Claudio Coviello (Uccello azzurro) e Vittoria Valerio (Fiorina) hanno presentato un adagio  splendido assieme. Il pubblico non è stato in generale molto caloroso a questa prima, ma con loro due sono volati al palco alcuni “Bravi!” al termine del cammeo. Colpito da una musica impietosa, Coviello ha eseguito per lo più la variazione in controtempo, gli sono state anche sacrificate la batteria di entrechat-six e la chiusura, ma sono esaltati gli equilibri e le dinamiche di un danzatore che sa prendere la scena e tenerla per sé, emozionando il pubblico. Valerio è un’artista completa di tecnica, linee e cuore. Sa essere sempre sé stessa in ogni ruolo e i ruoli dopo di lei assumono un nuovo immaginario. Ha un’innata delicatezza di stile Ottocento e, infatti, la sua attenzione allo stile, il suo uso della testa e la sua coordinazione tra le posizioni della testa e quelle delle braccia rendono la sua partecipazione preziosa per il Teatro alla Scala.
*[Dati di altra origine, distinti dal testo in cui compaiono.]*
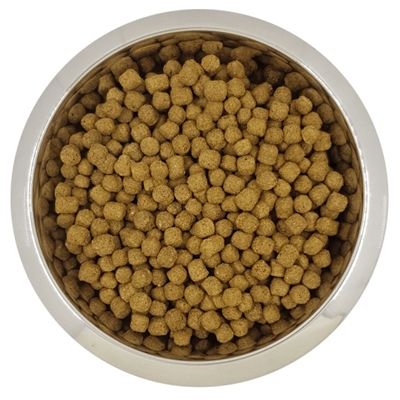 Yourdog Dwerg- Of Toypoedel Senior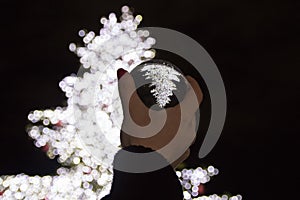 Person holding a crystal ball with the reverse reflection of the illuminated white Christmas tree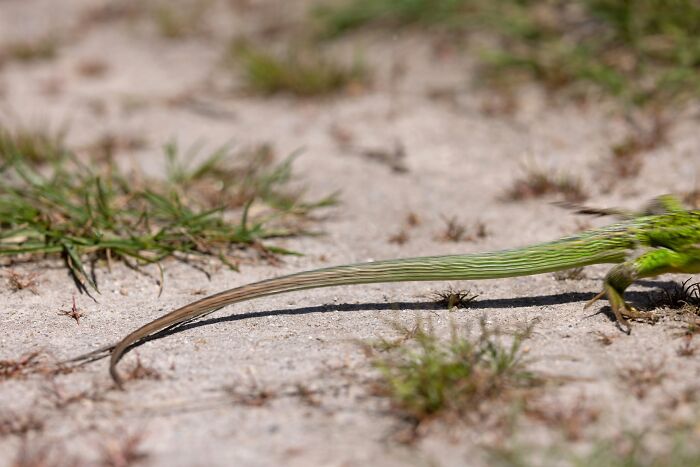 Close-up wildlife photo of green lizard's tail on sandy ground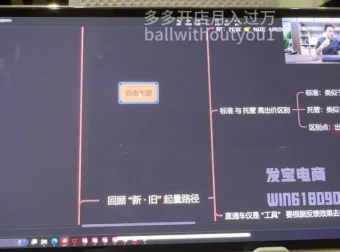 拼多多运营3节课：7-8月爆款实操技巧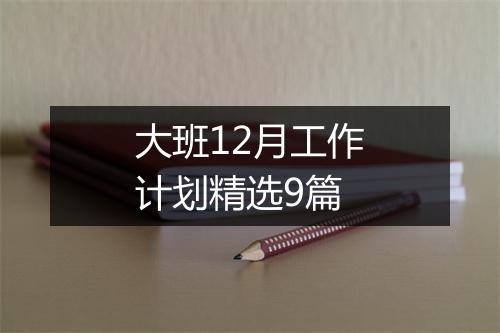 大班12月工作计划精选9篇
Vittoria Valerio e Claudio Coviello nel passo a due dell’Uccello azzurro e Fiorina

Ottima la sinergia sul palco del Piermarini e mai sottotono nessun personaggio, tra tutti va menzionata l’iconica fata malvagia Carabosse di Beatrice Carbone. E benché molti dei danzatori non abbiano mai preso parte alle produzioni delle coreografie di Rudy – perché troppo giovani ed entrati nelle file troppo di recente – con questa Bella di Nureyev la compagnia del Teatro alla Scala ha dimostrato di essere in grado di tornare al “suo” repertorio, un repertorio ‘classico’, ma sempre ‘nuovo’ per le sue difficoltà coreografiche.

Domenico Giuseppe Muscianisi


La bella addormentata nel bosco

coreografia e regia di Rudolf Nureyev, ripresa da Florence Clerc
musica di Pëtr Il’ič Čajkovskij
scene e costumi di Franca Squarciapino
direttore d’orchestra Felix Korobov

Foto di Marco Brescia e Rudy Amisano © Teatro alla Scala.

Visto al Teatro alla Scala, prima rappresentazione, mercoledì 26 giugno 2019.